-------- DATA SUPPLIED --------

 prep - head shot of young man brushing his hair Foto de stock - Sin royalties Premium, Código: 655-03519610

--------
-------- DATA SUPPLIED --------

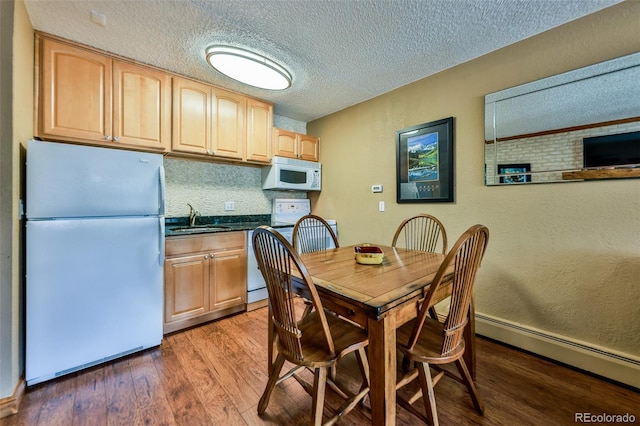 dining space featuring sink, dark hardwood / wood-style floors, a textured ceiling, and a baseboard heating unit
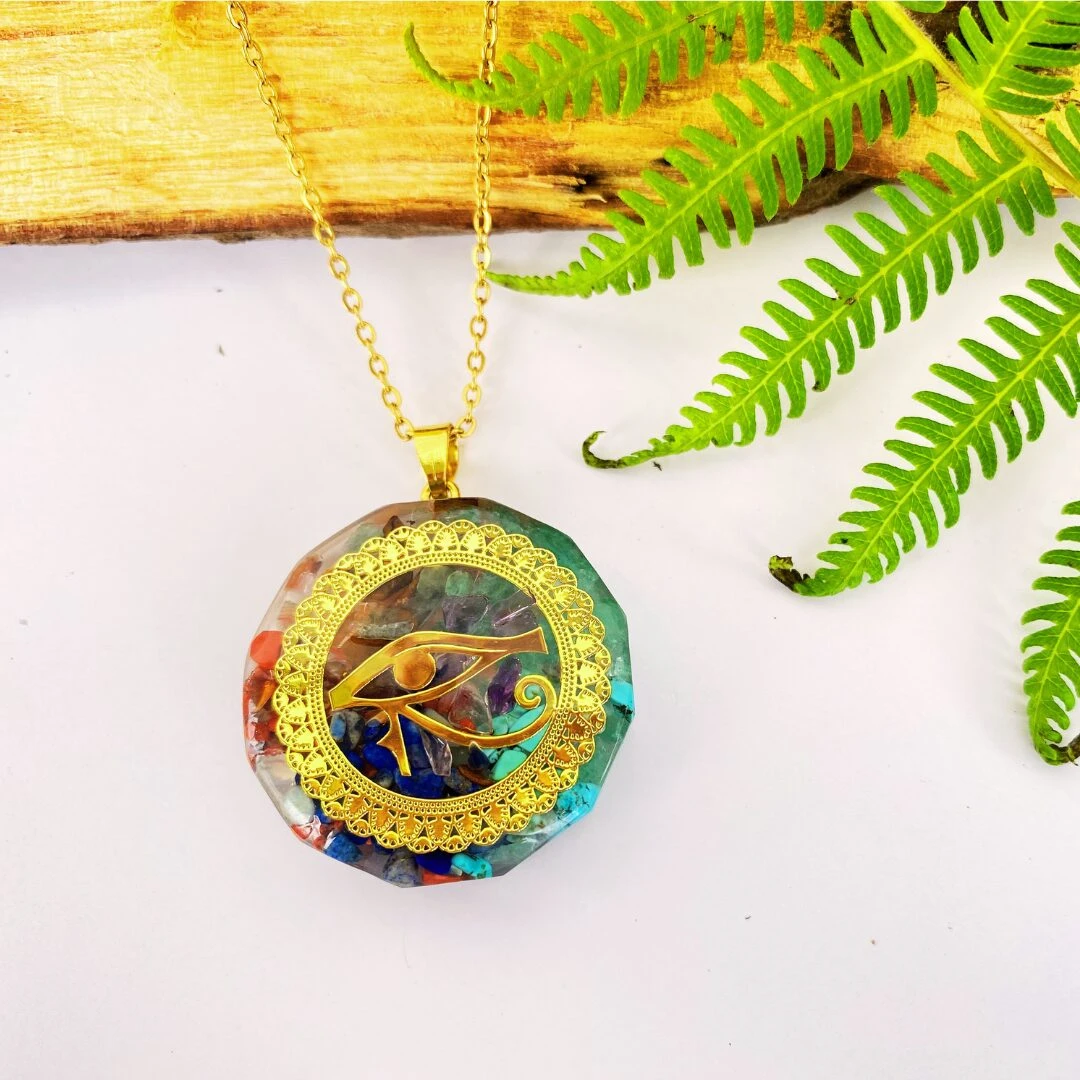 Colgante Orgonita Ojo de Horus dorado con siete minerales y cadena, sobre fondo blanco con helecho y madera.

--------

:: WORK REQUEST ::
Repeat exactly the lines above, beginning at the one containing "dining space featuring" and ending at the one containing "Colgante Orgonita Ojo". Do not carry over any pictures.

:: FINAL ANSWER ::
 dining space featuring sink, dark hardwood / wood-style floors, a textured ceiling, and a baseboard heating unit
 Colgante Orgonita Ojo de Horus dorado con siete minerales y cadena, sobre fondo blanco con helecho y madera.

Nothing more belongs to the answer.